Surgit de chaque portrait une force car il n’est pas à craindre que de tels corps basculent. Toutefois  par la (fausse) naïveté que l’artiste met à les peindre surgit sinon une candeur du moins une fragilité. Si bien que l’œuvre échappe au psychologisme de pacotille afin de produire une complexité. L’aspect « naïf » d’une telle peinture ne ramène donc en rien à la nostalgie du temps passé. L’aspect primitif une autre magie, une poésie particulière aussi brute que compliquée qui transforme Klara Ianova en primitive du futur.

 

L’artiste par ses portraits en déséquilibre compensé - aux  apparences parfois de statues nègres ou de rappels ironiques du réalisme soviétique – invente le plus souvent une connivence plus immédiate.

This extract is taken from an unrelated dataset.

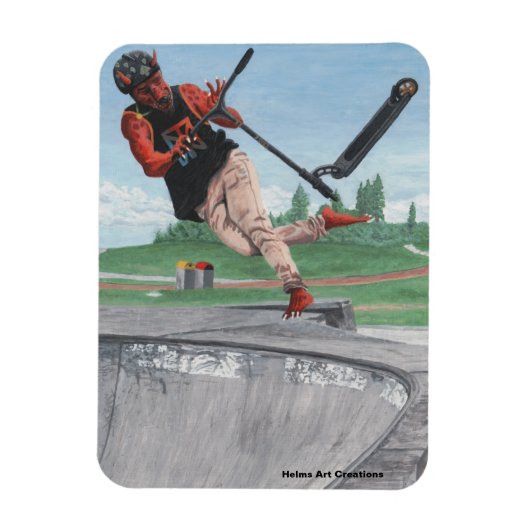 Kobold Scooter Tricks Fantasy Kühlschrank Magnet (Vertikal)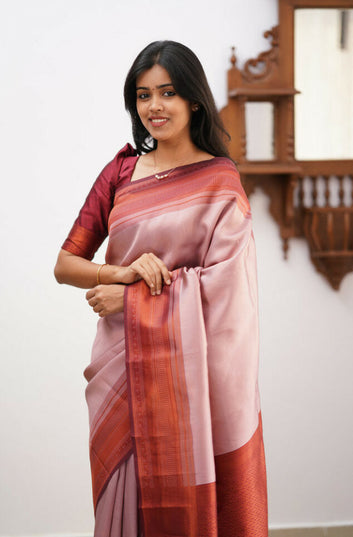 Breathtaking Baby Pink Soft Silk Saree With Preferable Blouse Piece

On imagine de telles femmes dans des quartiers populaires et dans des appartements au luxe sommaire  en haut d’immeubles où miaulent d’impossibles chats.

 

De chaque pose surgit toujours un doute un mystère. Exit l’émanation de voluptés ou de douleurs mécaniques. D’autant que le cadre dans lequel l’artiste les insère devient une prison d’espace et de temps compté. Les femmes sont  probablement des écorchées. Mais elles n’ont pas le mauvais goût de faire dans le lamento. Même si toute effraction laisse une trace qu’elles tentent de colmater, elles gardent pour elle tout le poids de leur vie dans ce que seul les idiots prendraient pour de la passivité.

 

En conséquence lorsque le rire (rarement) zèbre un visage le portrait ne cultive jamais de béatitude. La vie est là dans sa dureté, son épaisseur. Le portrait entre narration la plus simple et mythologie suffit à le suggérer. Et si de telles femmes ont souvent la tranquillité des statues n’est-ce pas tout compte fait parce qu’elles ont appris à supporter l’existence ?

 

C’est pourquoi sans doute le regard est fasciné devant de telles comtesses aux pieds nus. Elles gravent l’imaginaire autant qu’elles le ravaudent. Les  cyniques mimes de l’amour, les marins d’eau douce, les hidalgos racés dont le cœur douteux qui firent battre celui de telles femmes en prennent implicitement pour leur grade.

 

Surgit le plus beau des odes à la féminité. Le chant visuel se moque des anorexies à la mode fabriquée par et pour les hommes. La femme est enfin incarnée, bien en chair. Elle est lunaire, muette mais habitée : le poids du destin qui repose sur elle se fait - dans la densité de leur chair – plus léger et pacifié. Preuve que Klara Ianova peint pour que la vie soit même s’il faut parfois attendre pour espérer un voyage jusqu’au bout de la nuit.